Si bien no lo he leído desde que era un preadolescente, hay muchos aspectos de la novela que me conmovieron. Desde sus capítulos iniciales donde las hermanas eligen compartir su desayuno de Navidad con una familia menos afortunada, el libro dio vida a quienes practicaban valores sociales y morales.
En primer lugar, fue su realismo . Louisa May Alcott se utilizó a sí misma y a su familia inmediata como modelos para la historia de las cuatro hermanas de marzo y sus experiencias antes, durante y después de la Guerra Civil. El padre de la vida real de Alcott, Bronson, era educador y miembro del movimiento trascendentalista.
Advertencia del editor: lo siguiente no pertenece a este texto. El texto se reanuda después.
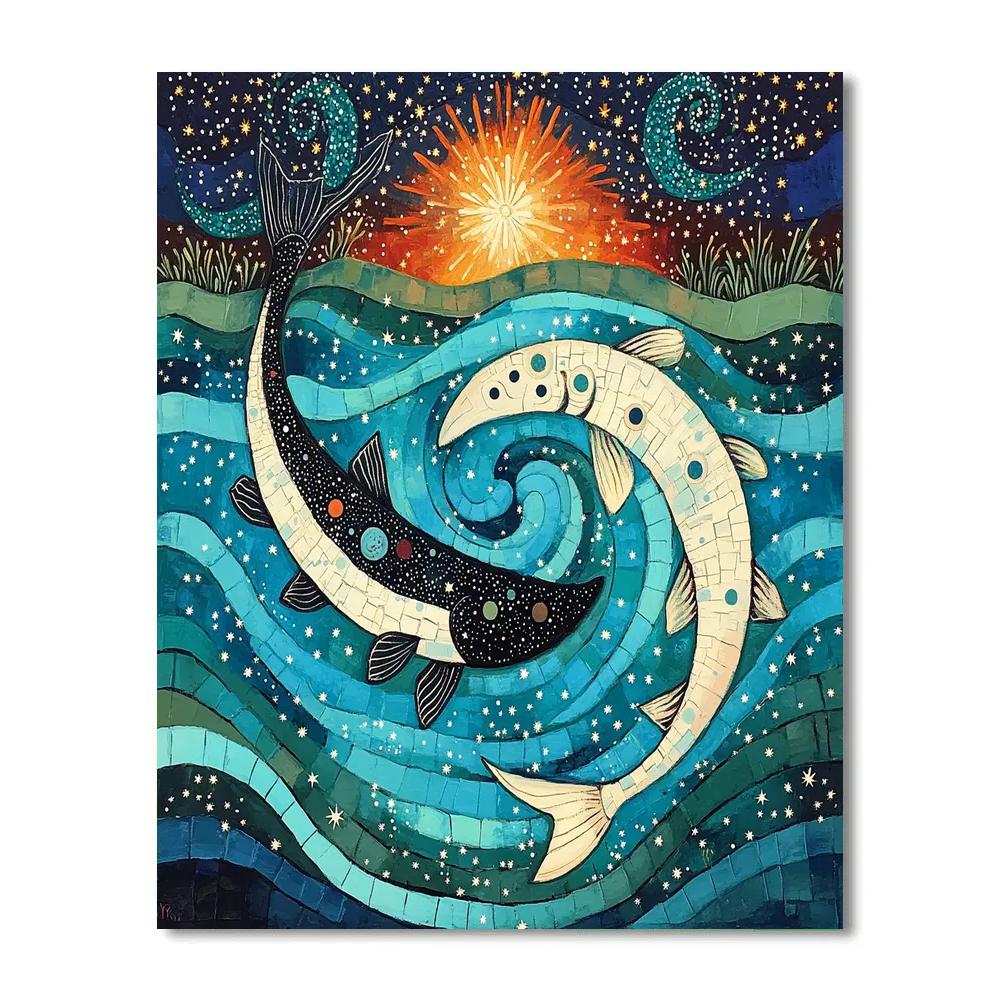 Norval Morrisseau Inspired Salmon Of The River Constellations paint by color
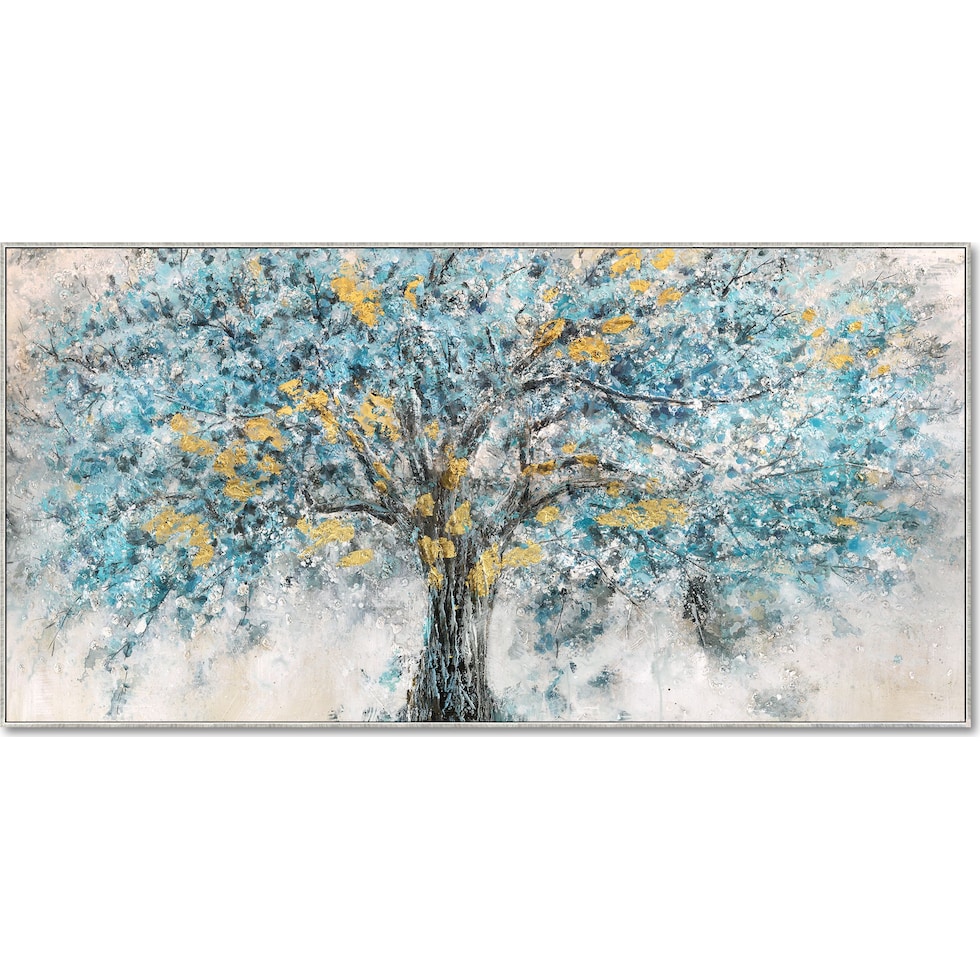 blue and gold tree blue and gold wall art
La novela dio vida a cuatro tipos muy diferentes de mujeres, lo que significaba que casi todas las lectoras podían identificarse con una o más de ellas. Meg, la mayor, era materna y tradicional. Jo, basada en la propia Alcott, era una marimacho y aspirante a autor que anhelaba las prerrogativas que disfrutan los niños y los hombres. Beth era tímida, musical y el pegamento familiar. Amy, la más joven, era una artista que anhelaba la riqueza que poseía su tía paterna.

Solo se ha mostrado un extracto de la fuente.